Pretty impressive given that we’re at “the deepest solar minimum in nearly a century,” according to NASA. Go figure (see “Another long-debunked denier talking point is debunked again: Changes in the Sun are not causing global warming“).
As the AP noted about the July, which also had record ocean temps:
Breaking heat records in water is more ominous as a sign of global warming than breaking temperature marks on land, because water takes longer to heat up and does not cool off as easily as land.
“This warm water we’re seeing doesn’t just disappear next year; it’ll be around for a long time,” said climate scientist Andrew Weaver of the University of Victoria in British Columbia. It takes five times more energy to warm water than land.
The warmer water “affects weather on the land,” Prof. Weaver said. “This is another yet really important indicator of the change that’s occurring.”
As revealed by the NOAA video above (via Andy Revkin), it is getting hot pretty much everywhere, except of course over the continental United States, a small fraction of the world’s overall landmass inhabited by a large fraction of the world’s deniers, delayers, and disinformers who continue to trumpet the supposedly “cool” weather of the United States as part of their overall planetary cooling nonsense. And that’s too bad because we need all the unmuffled warnings we can get given that humans are not like slowly boiling frogs, we are like slowly boiling brainless frogs.

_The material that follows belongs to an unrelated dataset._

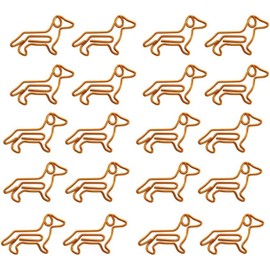 20 Pcs Dachshund Shaped Paper Clips Animal Bookmarks Clips, Cute Orange Dachshund Paperclips Bookmarks Planner Clips, Office Supplies Binder and Paper Clips, Paper Holder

Once again, the geographical distribution of the warming continues to be bad news for those worried about the permafrost permamelt, since temps even in the summer ran upwards of 3°C (5.4°F) warmer than the 1961-1990 norm over much of Siberia, as National Climatic Data Center’s figure shows:
This is worrisome because:
NOAA recently reported: “Methane levels rose in 2008 for the second consecutive year after a 10-year lull,” Scientific analysis suggests the rise in 2007 methane levels came from Arctic wetlands (see here). Siberia contains probably the world’s largest amount of carbon locked away in the permafrost (see here). The permafrost is increasingly not so perma (see here). Much of that carbon would be released as methane, which is 23 times more potent a greenhouse gas than carbon dioxide. Also, the warming over Greenland will no doubt further accelerate the summer melt season there.
If the El Niño does strengthen and last into next spring, then 2009 may well see the hottest ocean temperatures on record — and 2010 may well be the hottest year on record.